What to work on: Without copying any picture, transcribe exactly the lines of the data below from the one containing "Opa Großvater Reparieren" through the one containing "Rank 1 Best WBCS Coaching in Kolkata 2023".

Provided entries:
^^^^^^^^

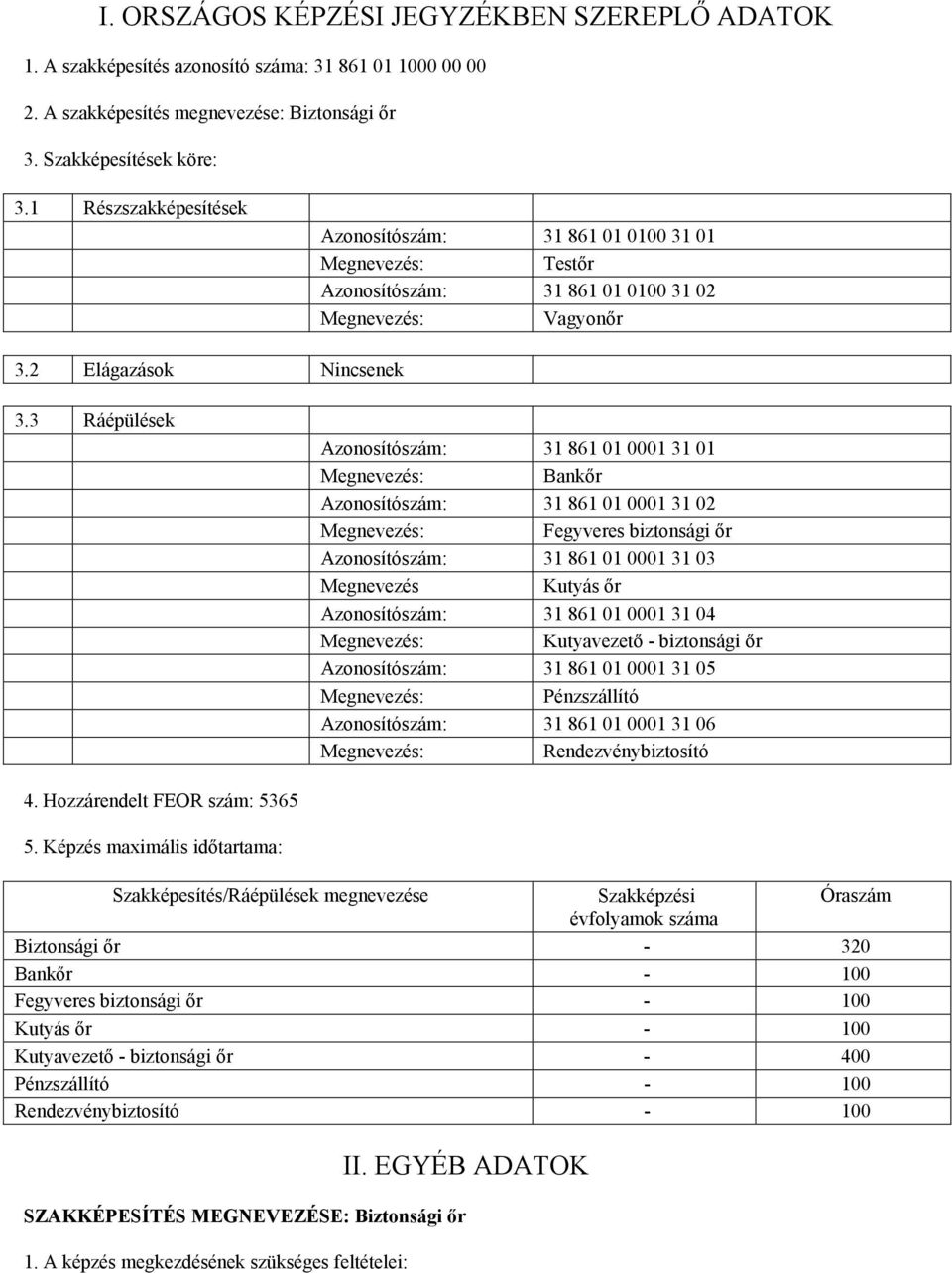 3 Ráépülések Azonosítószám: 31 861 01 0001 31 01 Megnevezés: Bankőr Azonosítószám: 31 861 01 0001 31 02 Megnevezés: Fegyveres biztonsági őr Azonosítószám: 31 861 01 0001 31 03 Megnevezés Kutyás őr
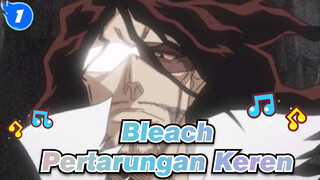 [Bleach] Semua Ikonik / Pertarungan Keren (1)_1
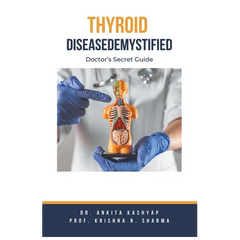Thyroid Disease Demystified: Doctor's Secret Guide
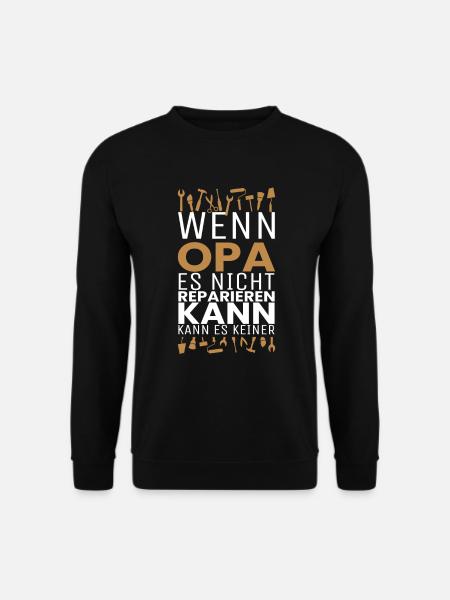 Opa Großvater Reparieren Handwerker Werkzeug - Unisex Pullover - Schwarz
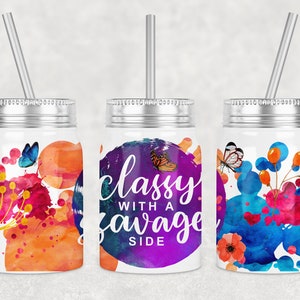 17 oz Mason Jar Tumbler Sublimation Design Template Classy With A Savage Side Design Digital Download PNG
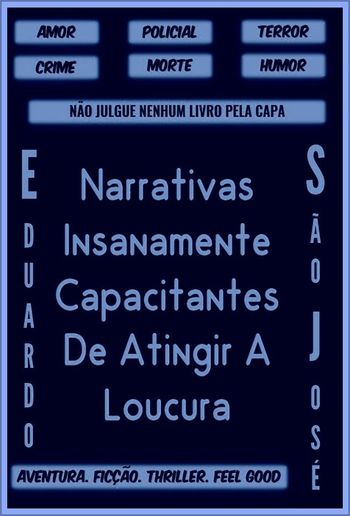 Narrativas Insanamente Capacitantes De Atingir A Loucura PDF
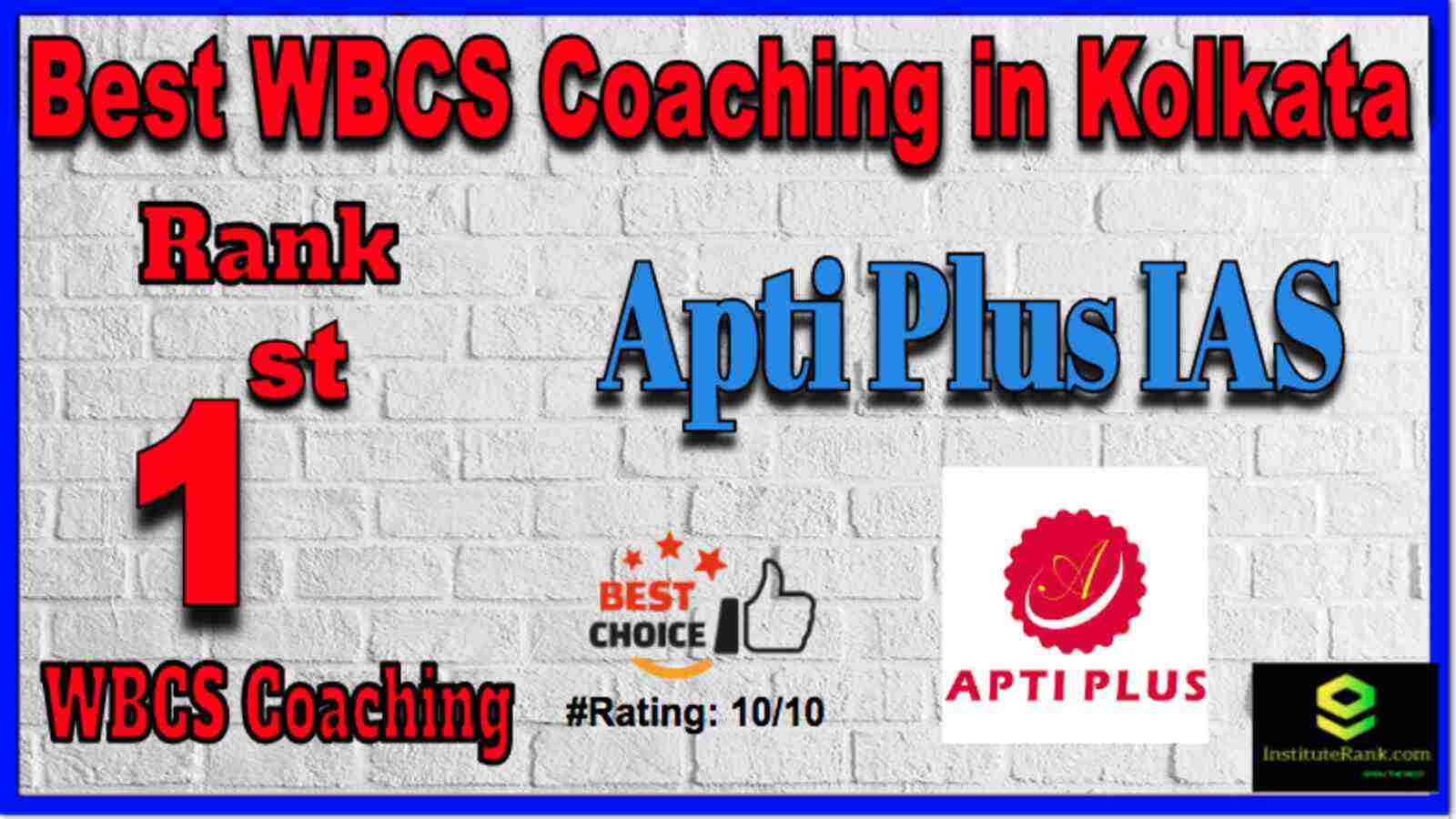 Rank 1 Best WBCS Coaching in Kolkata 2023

^^^^^^^^

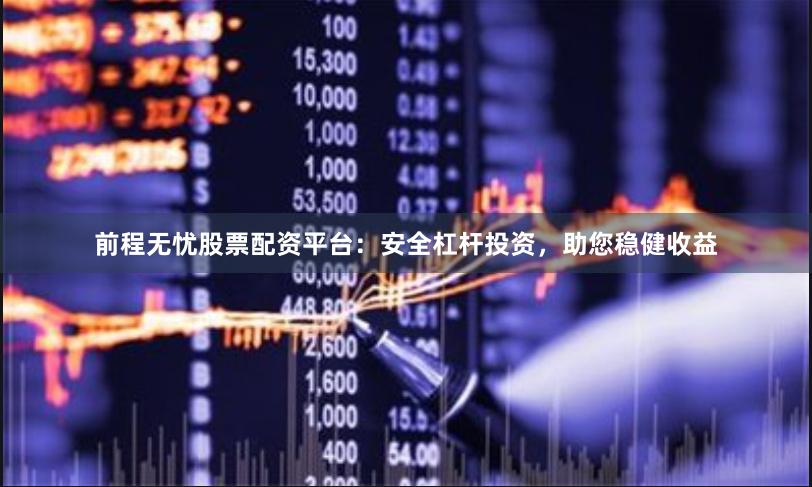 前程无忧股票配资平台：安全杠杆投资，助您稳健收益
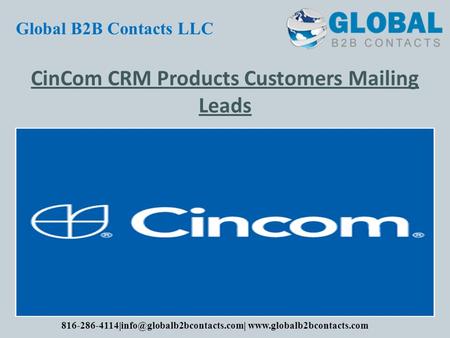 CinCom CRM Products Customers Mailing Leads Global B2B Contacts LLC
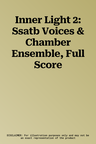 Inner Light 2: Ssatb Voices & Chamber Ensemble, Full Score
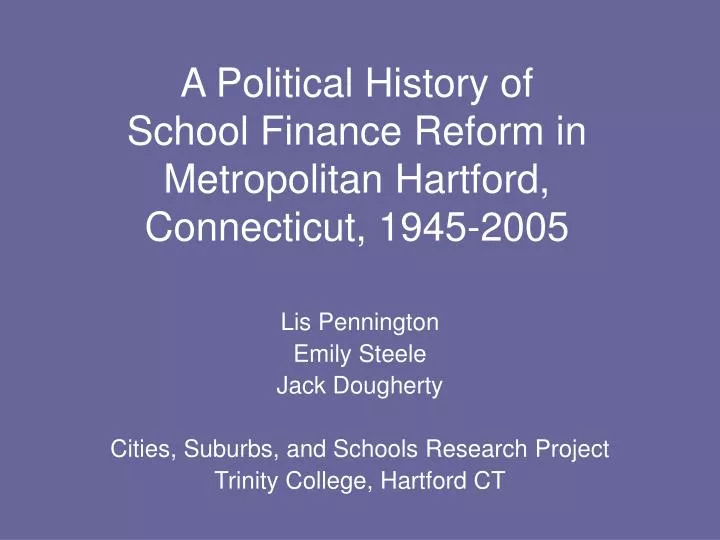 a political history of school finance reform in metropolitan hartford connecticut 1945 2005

^^^^^^^^

Exercise response:
 Opa Großvater Reparieren Handwerker Werkzeug - Unisex Pullover - Schwarz
 17 oz Mason Jar Tumbler Sublimation Design Template Classy With A Savage Side Design Digital Download PNG
 Narrativas Insanamente Capacitantes De Atingir A Loucura PDF
 Rank 1 Best WBCS Coaching in Kolkata 2023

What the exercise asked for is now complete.